昨今新型コロナウイルスの感染拡大の影響で次亜塩素酸水が注目を集めています。

しかし、次亜塩素酸水と間違えて次亜塩素酸ナトリウムやハイターを使用してしまったことにより多くのトラブルがおきています。このため、改めて本記事では次亜塩素酸水と次亜塩素酸ナトリウムの違いをはっきりさせておきたいと思います。

まず知っておいていただきたいことは、次亜塩素酸ナトリウムは非常に危険ですので、絶対に次亜塩素酸水と同じ使い方をしないように注意してほしいということです。
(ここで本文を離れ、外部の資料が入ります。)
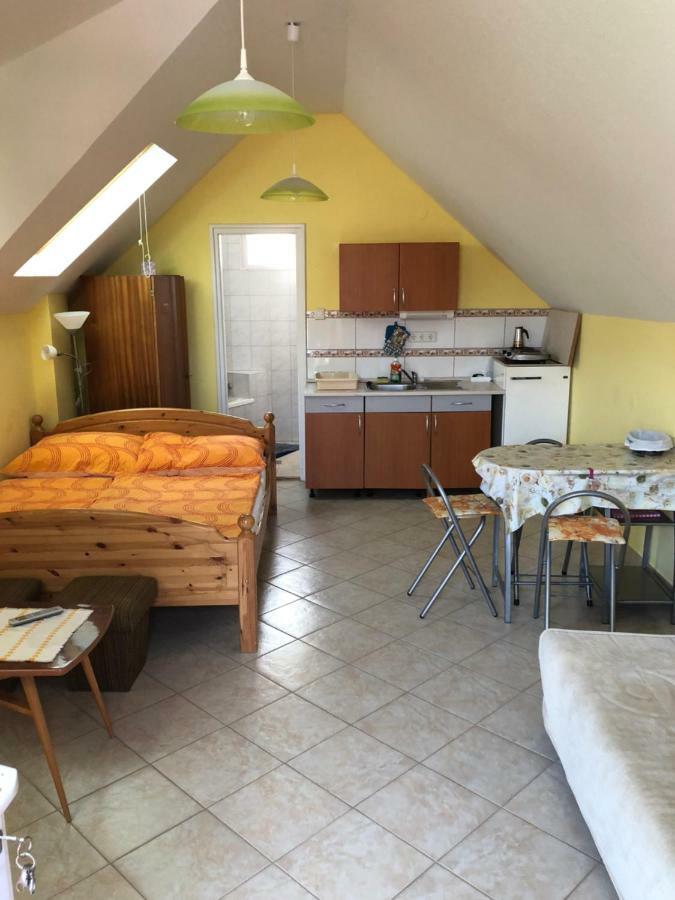 Liget Apartman Balatonföldvár Kültér fotó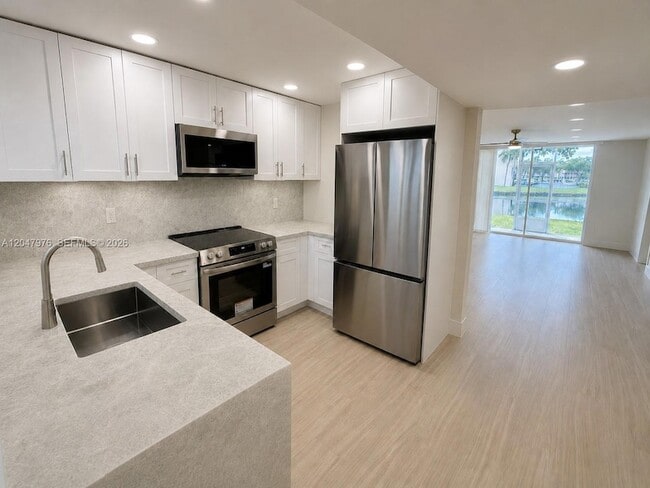 Building Photo - 8600 Sunrise Lakes Blvd Unit 102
次亜塩素酸水と次亜塩素酸ナトリウムって違うものなの?

次亜塩素酸ナトリウムと言えば有名なのはハイターですよね。アルコール消毒液が品薄になったことを受けてテレビなのでこのハイターなどの次亜塩素酸ナトリウムを水で薄めて使用することを勧めていたこともあって、次亜塩素酸ナトリウムを水で薄めたもの=次亜塩素酸水と思い込んでいる人が多いように思います。

Twitterでも以下のように次亜塩素酸水がわからないというツイートが複数見受けられました。
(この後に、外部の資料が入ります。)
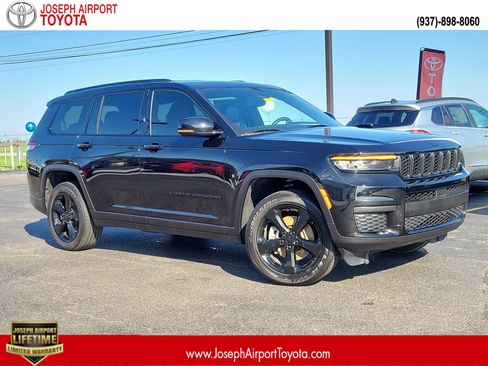 Used 2023 Jeep Grand Cherokee L Laredo image 1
あれ?まって?次亜塩素酸水って次亜塩素酸ナトリウムを薄めた液だと思ってたんだけど違うのか?? 職場で買ってたあの液何??

今まで次亜塩素酸水やと思って使ってたけど、何かを水で薄めてるって言ってはったからそれやったら次亜塩素酸水ではないよね、、、?

次亜塩素酸ナトリウム水溶液の方…?

次亜塩素酸水とは

次亜塩素酸水とは塩酸又は塩化ナトリウム水溶液を電気分解することによって作られる次亜塩素酸を主成分とする水溶液です。

次亜塩素酸水を販売している商品を見ると、食品添加物として使用されているから安心という記載が多く見受けられます。
確かに次亜塩素酸水は食品添加物として使用されています。この場合の次亜塩素酸水は明確に塩素濃度やpH値の範囲が決まっています。
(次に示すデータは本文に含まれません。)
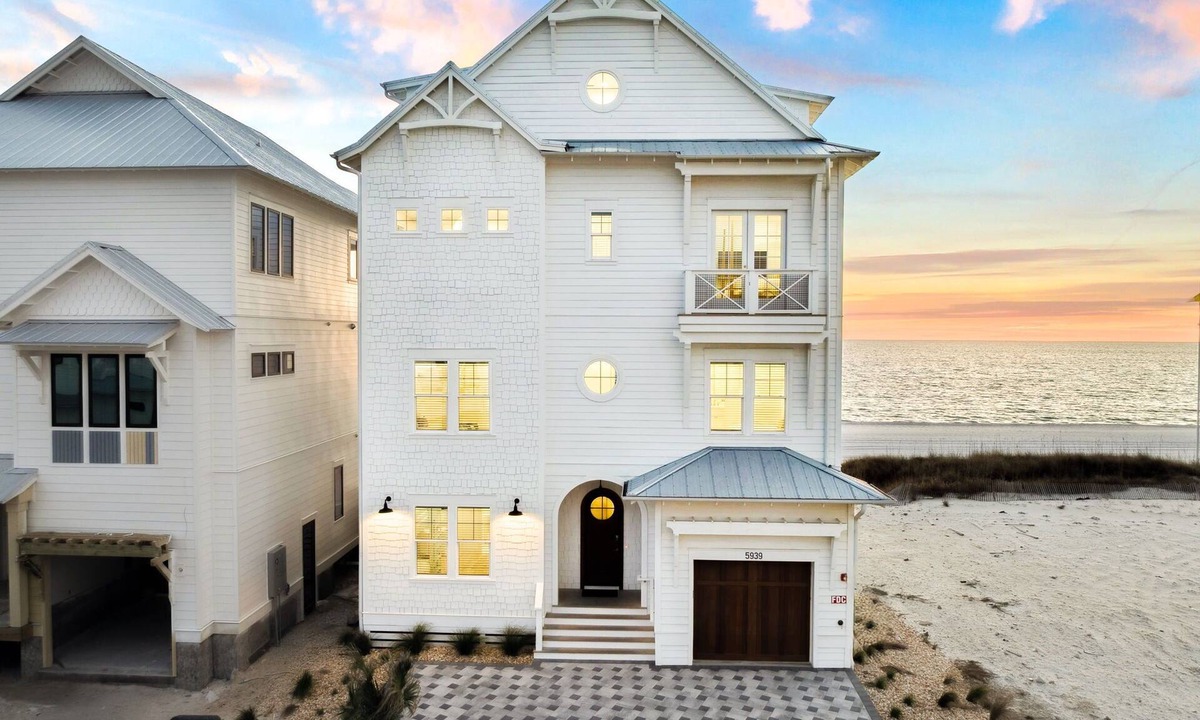 Biltmore Beach House | 🌊Gulf Front House ~ with Beach and Bonfire Set Up🔥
次亜塩素酸水は長期保存に向かないとされていますが、直射日光や温度の高い場所に置いておくと塩素濃度が変化してしまって効果がなくなってしまいやすいためです。家庭で市販の1本をすぐに使い切るということはないでしょうから、保管方法には十分注意していただきたいと思います。

次亜塩素酸ナトリウムとは

次亜塩素酸ナトリウムは水酸化ナトリウムに塩化ガスを吸収させて製造します。これにより水酸化ナトリウムに次亜塩素酸が含まれたものを次亜塩素酸ナトリウムと呼びます。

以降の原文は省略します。